For me however, it was just the reason I could never get into it.
I get it, Reddit is a website delivering an almost entirely content based experience and focusing on functionality over aesthetics.
As one redditor replied when someone dared to ask why reddit was so popular given how ugly it is:
I think people like the massive set of sub’s and the intelligent conversation. For that you don’t have to be picky about formatting. It may not be the prettiest, but it works fine for many people.
If you want pretty sidebars go to Facebook, you’ll just give up the IQ level and actual answers to questions.
Honestly, I do get it. But however much I tried to force myself to use Reddit and become part of what is undoubtedly a fascinating community, we just didn’t click. Even after the major controversy and fierce criticism of Reddit in the aftermath of the Boston bombings, it remains a serious social news hub, at times an excellent platform for debate and a treasure trove of interesting and rather random material, very useful from the perspective of a journalist and someone interested in community engagement.
Despite all that, I just could not get past it’s ugliness. It’s browser version is clunky, archaic and uninspiring.
The turning point in my relationship with Reddit was the moment I started experiment with iPad apps for reddit.
There is no official client and the third party apps available are far from perfect. However, they are pretty.
Reddit for iPad
iAlien for Reddit, the free app I’ve been using, is available on both iphone and ipad. While according to reviews from more experienced Redditors the comment editing and deleting functions within the app are seriously lacking, its smooth, slick and very attractive user interface has finally given me a window into the weird and wonderful world of reddit that I want to browse through for hours on end.

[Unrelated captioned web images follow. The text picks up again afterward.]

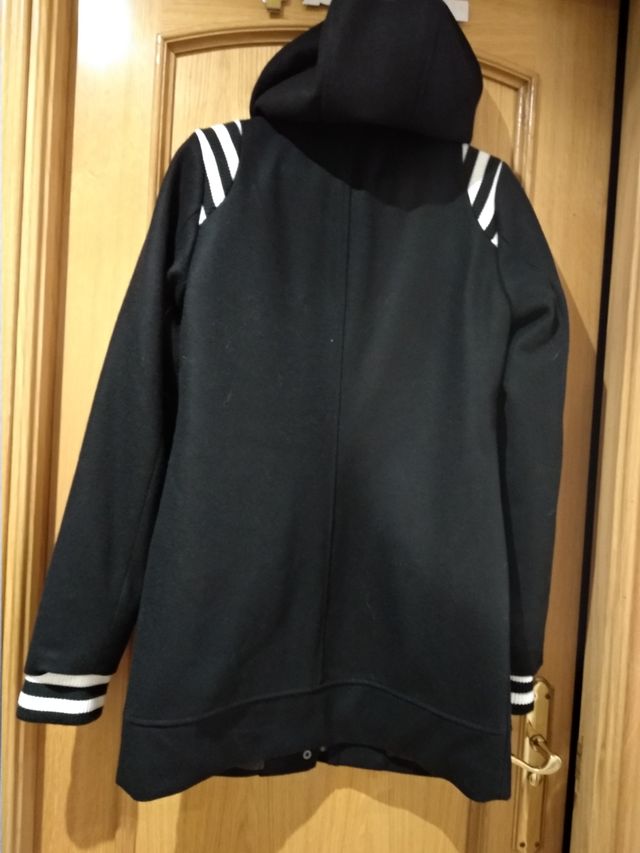 chaquetón con capucha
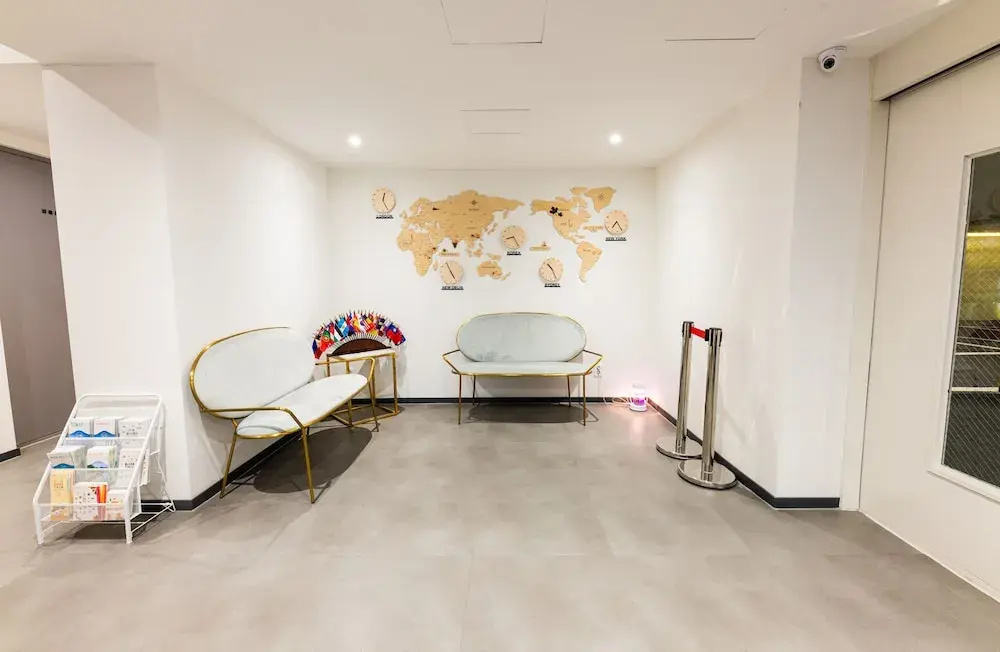 Lobby & Reception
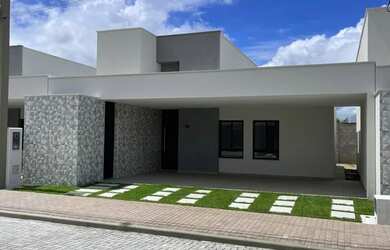 Imagem: A casa em condomínio possui 3 Dormitórios, 1 Banheiro, 3 Vagas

I’ve learn that putting an inflatable blood pressure meter around your neck and pumping it is probably not a great idea, laughed at this very flat Russian dwarf hamster sitting on a couch and found this truly heartwarming and powerful image and accompanying story of a 65-year-old man with Downs Syndrome.
I am slowly understanding this fascination with “the front page of the internet”, albeit in a way that most traditional redditors would consider sacrilegious.
At the moment, I’m everything the true reddit fan despises, I’m a true lurker. However, this is just the start, as I get hooked to Reddit, I’m sure I will begin contributing as well, it’s just a matter of time.
Diversifying user experience on other platforms
Other than how fickle I am, my Reddit experience indicates the power that social media mobile and tablet apps have in diversifying their user experience to attract different audiences with different ideas and needs in utilising it.
Offering an identical experience on different platforms may work for some sites, applications or social networks, but reaching out to a completely different type of users may also be worth looking into.
Another example of this is Flow, an iPad compatible Instagram app. The application, specifically crafted for the iPad’s screen describes itself as “the missing iPad app for Instagram”, was made by digital design studio Codegent because they “couldn’t wait any longer for an iPad compatible Instagram app so we built our own”.
Thinking beyond the original use and platforms networks and apps were originally made for could be an opportunity worth at the very least looking into and at best a huge growth area for a different audience.